Benjamin Ola. Akande, Ph.D. President BOA Consulting, St. Louis, Missouri

Dreams Do Come True

19-Jan-2009Published in: CNN AC360_ (Anderson Cooper 360) Author: Benjamin Ola. Akande

As a child growing up in Nigeria, I was a dreamer. My parents never dismissed my dreams. They were always encouraging. No matter how outright unbelievable my dreams were, they would assure me that dreams do come true. Dreams provide a glimpse of what the future will look like. I wish I could have recorded all those dreams.

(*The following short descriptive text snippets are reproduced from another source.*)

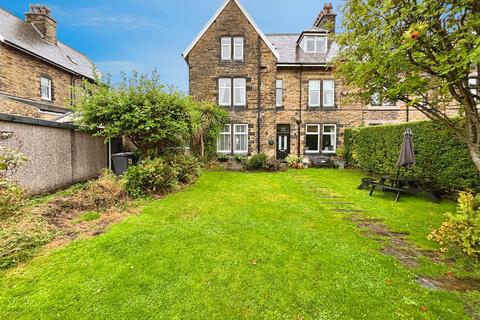 4 bedroom villa for sale, Clara Road, Bradford BD2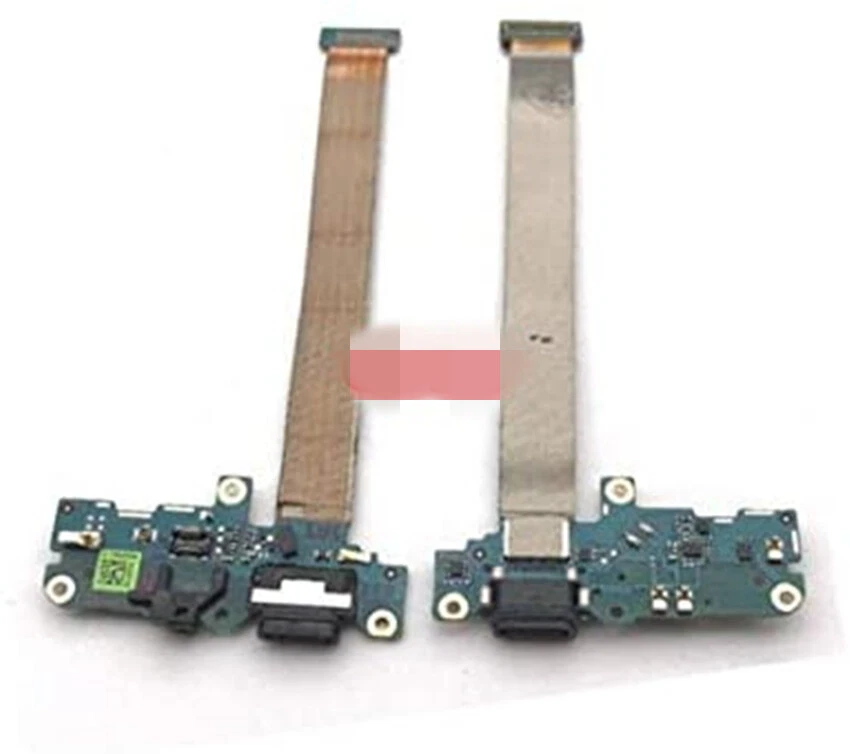 USB Port USB Charging Port Flex Charging Dock Port Flex - For Google Pixel 2  - Image 1 of 1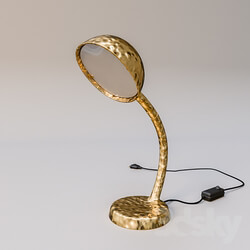 Table lamp - Fingers Table Lamp by Seletti 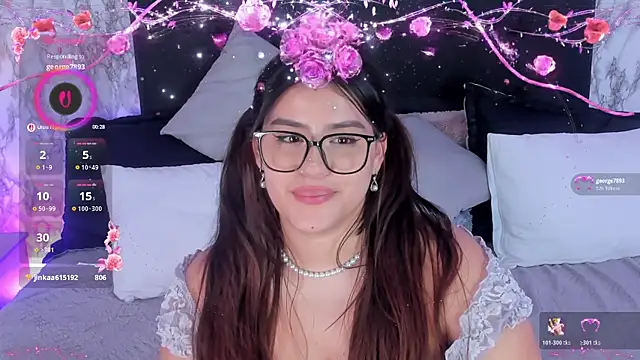 Miamontoya Stripchat cam model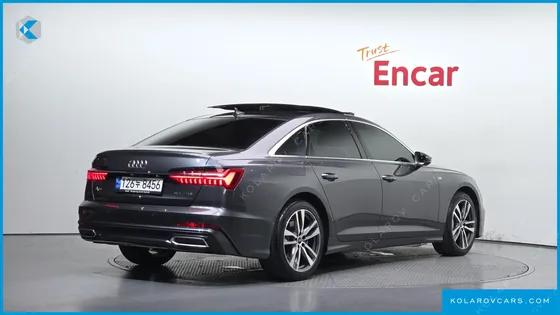 AUDI A6 45 TFSI PREMIUM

Martin Luther King Jr.’s dream was recorded. It was a dream that was played out in front of thousands of people and like most dreams, no one really knew how it would play out. As the dream was recalled over the years, it became clear that this was a significant and compelling vision of the future. Martin’s dream was in the form of a remarkable prose on the steps of the Lincoln Memorial. Most of us can hear him recite this dream in our subconscious. “I have a dream that one day every valley shall be exalted, every hill and mountain shall be made low, the rough places will be made straight and the glory of the Lord shall be revealed and all flesh shall see it together.” It is a dream that visualizes a future where all those things that seemed impossible and improbable will happen despite overwhelming obstacles.

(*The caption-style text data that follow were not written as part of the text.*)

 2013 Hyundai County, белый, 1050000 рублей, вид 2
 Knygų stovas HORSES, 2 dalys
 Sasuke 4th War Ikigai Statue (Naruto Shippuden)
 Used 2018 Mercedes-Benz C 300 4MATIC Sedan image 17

The election of Barack Obama was a manifestation of Martin’s dream. I would like to believe that Martin Luther King’s dream highlighted how difficult it is to make change happen. Martin spoke about how mountains and hills (obstacles) shall be made lower and rough places (institutional changes) will be made straight. The recognition was that monumental changes of this magnitude take considerable time. Indeed, it takes the force of nature to break through the harsh reality of status quo and history.

Dreaming enables us to transcend the present and position us on the balcony for a better view of the future. And, because dreaming offers no restrictions, the greatest dreamers are often characterized as crazy and out of touch with reality. What history has shown us is that you may vilify them, you can criticize them, and you may even assassinate them. But, you can’t kill a dreamer’s dream. MLK’s dream took a long time to come to fruition, with small significant steps and some big setbacks along the way. But on Nov. 4, 2008, the full realization of the great civil rights leader’s dream came to pass with the election of a junior senator from Illinois as the first African-American President of The United States.

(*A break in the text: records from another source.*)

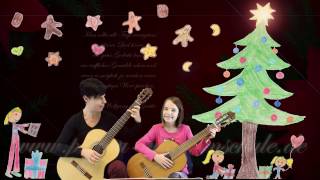 1. In der Weihnachtsbäckerei von Rolf Zuckowski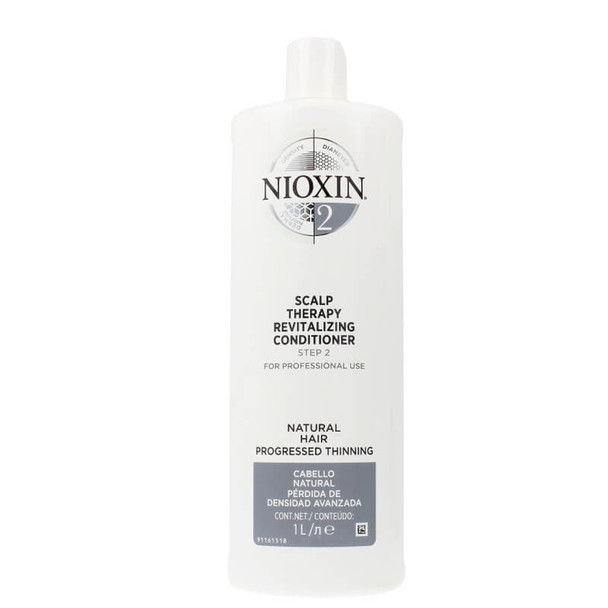 Nioxin - Scalp Revitaliser 2 - 1000ml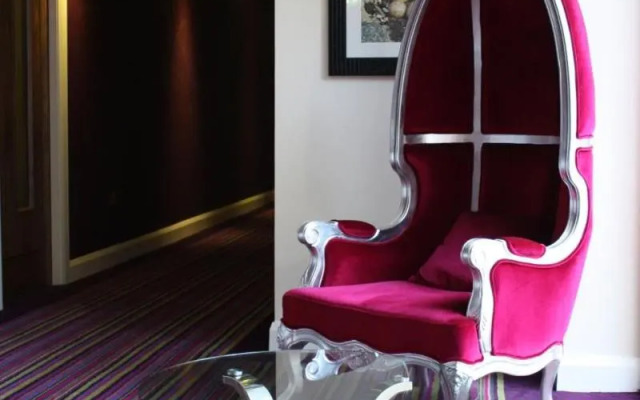 Talbot Hotel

Martin Luther King taught us that adversity is a lot easier to overcome than success. And that is the power of dreams. He knew it would happen. He even foresaw that his own demise may keep him from seeing his dream come true. “I’ve seen the promised land,” he said. “I may not get there with you, but I want you to know tonight that we as a people will get to the Promised Land.” Forty-five years later, his vision is still unfolding. But one thing is crystal clear. Dreams do come true.